Tek hedef güç, para, lüks, ne pahasına olursa olsun. Belki çok moral bozucu bir tablo çizdim ama götürüldüğümüz gelecek böyle. Kazıklamaya, satmaya başladınız mı sonu yok, benliğiniz elden çıktı ise hiçbir şeyin önemi kalmamıştır. Kim olduğunuz, nerede yaşadığınız, aileniz, eviniz, vatanınız. Şimdi de ikinci saptamamı söyleyeyim. Henüz bu algı propagandası yüzde yüz başarılı değil, ekranların, yayınların ön sayfasını işgal ettikleri için arkaları görmek çaba istiyor. İnsanların içine girdiğiniz, dokunduğunuz zaman, rahatlıyor umut doluyorsunuz.
Bugünkü durumun özeti bu.
***
Şu an bizi tek yürek yapan hepimizin içinde olduğu ülkemizin bekası sorunu. Üstelik terör ilişkileri ile geliştirilen planlı programlı bir küresel saldırı altındayız. Payımıza düşen fikir üretebilmemiz için de, edinmemiz gereken bilgi ama doğru bilgi. Hepimizin görmesi, anlaması gereken bu yaşananlar için Türkiye'nin (Ergenekon, Balyoz, 15 Temmuz'a rağmen) güçlü askeri, güçlü ordusu var. Her taraftan saldırıdayız. Günümüzden altı yüz yıl önce ünlü filozof İbn-i Haldun şöyle söylemiş:
"Toplumun çöküntüsü, devlet ve onun dayandığı iki temel kurum olan para ve ordunun çöküşüyle başlar. Devlet yıkılmaya başladığında vergiler ve baskı artar ancak bu artış, devleti güçlendirmez yoksulluğu gidermez."

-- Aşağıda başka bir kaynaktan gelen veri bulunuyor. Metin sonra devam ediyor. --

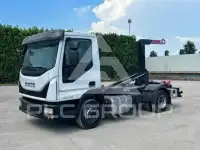 2022 Iveco Daily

Pazar günü komşumuz Yunanistan Savunma Bakanı, yanında bir heyetle Kardak kayalıklarına hücum botla geldi. Çelenk bırakacakmış, ne alaka? Ellerinde çiçek, altlarında Yunan hücum botu. Sahil Güvenlik gemilerimiz yaklaştırmadı, döndüler.

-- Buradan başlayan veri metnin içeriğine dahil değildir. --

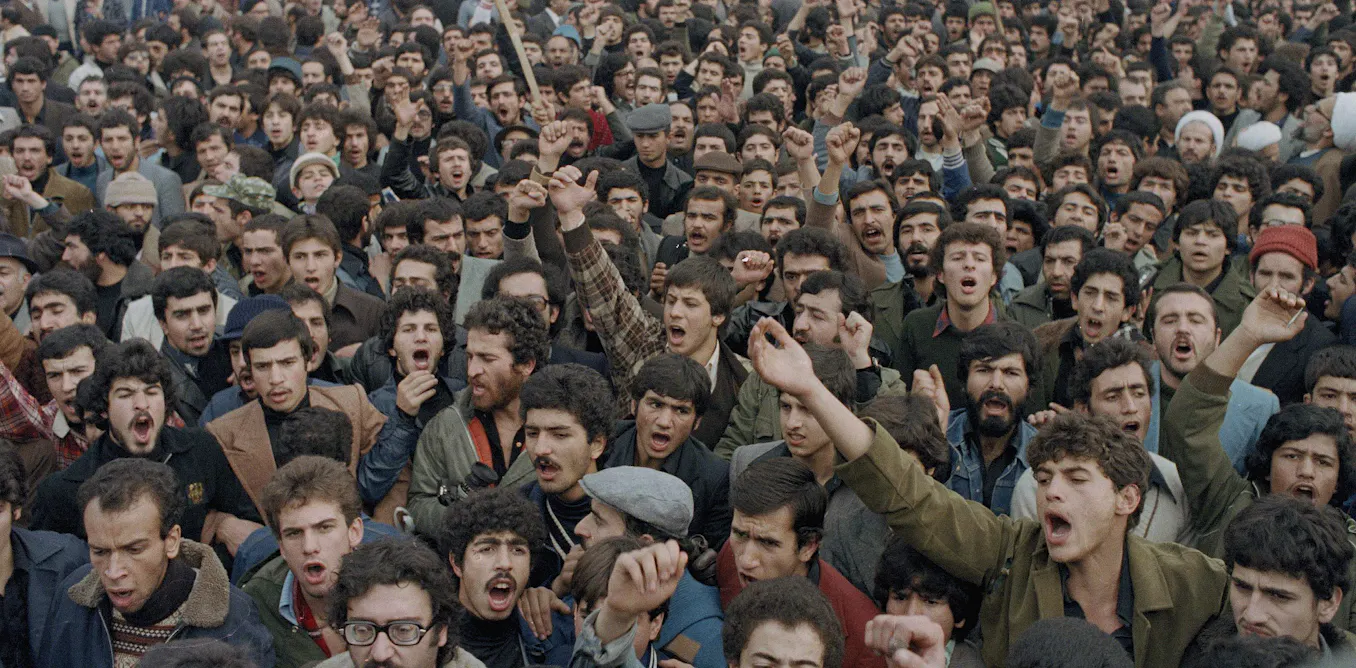 EduWireDaily — This compelling novel follows five lives changed forever by Iran’s Islamic revolution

Tarihten edineceğiniz bilgileri tarafsız, doğru edinirseniz onlara kızmayı bırakıp kendimize döneriz. Gerçek medeniyet, uluslararası ilişkilerde başarılı olabilme, vatansever bilgili deneyimli kadrolarla olur. Türkiye'deki çıkarlar, yurtseverlerin olması koşulu ile. Bu konudaki son sözüm: Tek yol (çözüm) Atatürk ilkelerine hemen dönmekte.